The type is useful to find a good balance between the full length and half-length portrait types.

4. Kit-cat

These are different from the Kit-cat Clocks. Kit-cat could be understood as the sub-genre of the half-length portraits as it is no different with an exception that a Kit-cat always includes the person’s hands in the picture. They are also slightly less than the half-length portraits.

The name derives from the Kit-cat Club of London. It was a small group of notable people including writers and lords. Godfrey Kneller commissioned the portraits for the each member of the club. These portraits were then called the Kit-cat portraits in which the hands of the persons were included in the painting.

Thus, such portraits started to be called as Kit-cat Portraits.

Mona Lisa by Leonardo da Vinci
Mona Lisa by Leonardo da Vinci

5. Bust Portrait or Head and Shoulders Portrait

Bust portraits or Head and Shoulders portraits are the compact versions of the half-length portraits.

As the terms defines, they focuses on the person’s bust only giving the painting more resemblance to a bust sculpture.

Here is a Vincent van Gogh’s self-portrait exemplifying the bust portraits

Self-portrait without beard by Vincent van Gogh
Self-portrait without beard by Vincent van Gogh

Most of the canvas is taken by the body of Vincent van Gogh himself leaving no place to add any background or other objects. Thus, head and shoulders portraits firmly sticks to their name.

6. Portrait Miniatures

Apart from the size of the canvas there isn’t much difference from the regular portrait.

Instead, a portrait miniature could also be a full-length, half-length or three quarter length portrait. Though, due to their small sizes most artists depicts people with half-length or bust portraits.

Portrait of a Gentleman by Joseph Wood
Portrait of a Gentleman by Joseph Wood

Portrait miniatures are really small compared to regular portraits.
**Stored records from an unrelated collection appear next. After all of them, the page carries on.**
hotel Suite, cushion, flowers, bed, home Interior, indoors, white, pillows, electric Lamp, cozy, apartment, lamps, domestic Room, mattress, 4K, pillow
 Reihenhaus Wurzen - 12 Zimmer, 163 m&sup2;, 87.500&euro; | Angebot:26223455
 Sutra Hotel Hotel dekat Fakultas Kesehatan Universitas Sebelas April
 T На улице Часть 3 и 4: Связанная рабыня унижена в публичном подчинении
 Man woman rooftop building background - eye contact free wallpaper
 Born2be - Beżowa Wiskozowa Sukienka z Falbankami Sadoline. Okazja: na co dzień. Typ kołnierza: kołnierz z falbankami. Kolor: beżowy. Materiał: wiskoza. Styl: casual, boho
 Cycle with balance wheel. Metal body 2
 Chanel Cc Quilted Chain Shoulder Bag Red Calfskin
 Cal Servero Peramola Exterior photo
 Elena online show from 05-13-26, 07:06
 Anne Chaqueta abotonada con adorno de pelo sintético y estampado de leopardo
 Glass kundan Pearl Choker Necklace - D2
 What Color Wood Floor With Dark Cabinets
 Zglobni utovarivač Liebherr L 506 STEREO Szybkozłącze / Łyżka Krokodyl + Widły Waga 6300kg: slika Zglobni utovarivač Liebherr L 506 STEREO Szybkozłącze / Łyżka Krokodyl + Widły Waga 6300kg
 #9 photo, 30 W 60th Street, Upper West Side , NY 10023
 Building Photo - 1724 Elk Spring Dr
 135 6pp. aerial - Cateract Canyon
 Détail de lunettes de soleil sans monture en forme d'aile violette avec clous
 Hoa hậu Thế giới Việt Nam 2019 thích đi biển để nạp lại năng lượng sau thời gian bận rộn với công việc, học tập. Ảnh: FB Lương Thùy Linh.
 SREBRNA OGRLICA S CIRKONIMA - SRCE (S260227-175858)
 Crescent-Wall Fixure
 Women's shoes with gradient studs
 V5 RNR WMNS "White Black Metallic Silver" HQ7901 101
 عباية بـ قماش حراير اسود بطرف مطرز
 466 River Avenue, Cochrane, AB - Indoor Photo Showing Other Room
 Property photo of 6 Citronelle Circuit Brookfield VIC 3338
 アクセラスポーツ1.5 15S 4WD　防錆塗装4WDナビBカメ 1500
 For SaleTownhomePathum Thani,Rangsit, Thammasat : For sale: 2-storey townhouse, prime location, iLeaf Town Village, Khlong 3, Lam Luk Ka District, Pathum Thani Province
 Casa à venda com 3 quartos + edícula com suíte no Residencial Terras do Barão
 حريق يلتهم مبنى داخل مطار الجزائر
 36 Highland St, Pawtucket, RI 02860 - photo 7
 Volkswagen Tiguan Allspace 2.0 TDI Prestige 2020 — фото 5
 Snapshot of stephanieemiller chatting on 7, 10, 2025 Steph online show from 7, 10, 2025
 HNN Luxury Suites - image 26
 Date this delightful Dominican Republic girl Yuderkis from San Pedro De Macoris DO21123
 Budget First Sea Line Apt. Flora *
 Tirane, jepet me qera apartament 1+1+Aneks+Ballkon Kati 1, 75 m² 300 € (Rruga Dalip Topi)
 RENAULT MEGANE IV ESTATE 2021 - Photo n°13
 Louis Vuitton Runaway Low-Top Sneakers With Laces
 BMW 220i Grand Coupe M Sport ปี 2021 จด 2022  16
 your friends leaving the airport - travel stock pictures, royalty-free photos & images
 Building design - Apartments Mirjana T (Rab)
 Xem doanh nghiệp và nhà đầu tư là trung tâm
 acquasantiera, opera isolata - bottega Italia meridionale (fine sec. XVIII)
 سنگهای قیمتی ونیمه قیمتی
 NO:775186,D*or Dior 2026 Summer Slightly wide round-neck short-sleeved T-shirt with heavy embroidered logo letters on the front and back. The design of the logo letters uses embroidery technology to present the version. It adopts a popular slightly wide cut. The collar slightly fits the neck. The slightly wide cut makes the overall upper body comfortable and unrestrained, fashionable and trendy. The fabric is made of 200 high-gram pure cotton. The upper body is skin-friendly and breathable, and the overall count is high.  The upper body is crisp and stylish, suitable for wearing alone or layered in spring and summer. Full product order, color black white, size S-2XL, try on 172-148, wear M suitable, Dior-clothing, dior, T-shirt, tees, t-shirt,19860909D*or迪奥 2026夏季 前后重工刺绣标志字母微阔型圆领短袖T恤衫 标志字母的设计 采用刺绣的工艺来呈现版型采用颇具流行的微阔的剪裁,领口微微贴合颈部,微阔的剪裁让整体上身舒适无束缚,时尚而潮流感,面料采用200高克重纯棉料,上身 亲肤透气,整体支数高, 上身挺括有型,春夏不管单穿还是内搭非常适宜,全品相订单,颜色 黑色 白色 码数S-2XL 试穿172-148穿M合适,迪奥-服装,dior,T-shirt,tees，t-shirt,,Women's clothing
In old times, such portraits were used to put inside the pendant of a necklace (or the portrait itself being the pendant), in rings or under the cover of a pocket-watch.

Such paintings are much older and famous that you can imagine. Limbourg Brothers from the 14th Century were the miniature specialists at the time. Though, their work was more about making the small, detailed paintings for the Illuminated Manuscripts. But, they also depicted some portrait miniatures.

The average size of miniature portraits are around 2 to 3 inches. Though, according to the purpose the size could vary.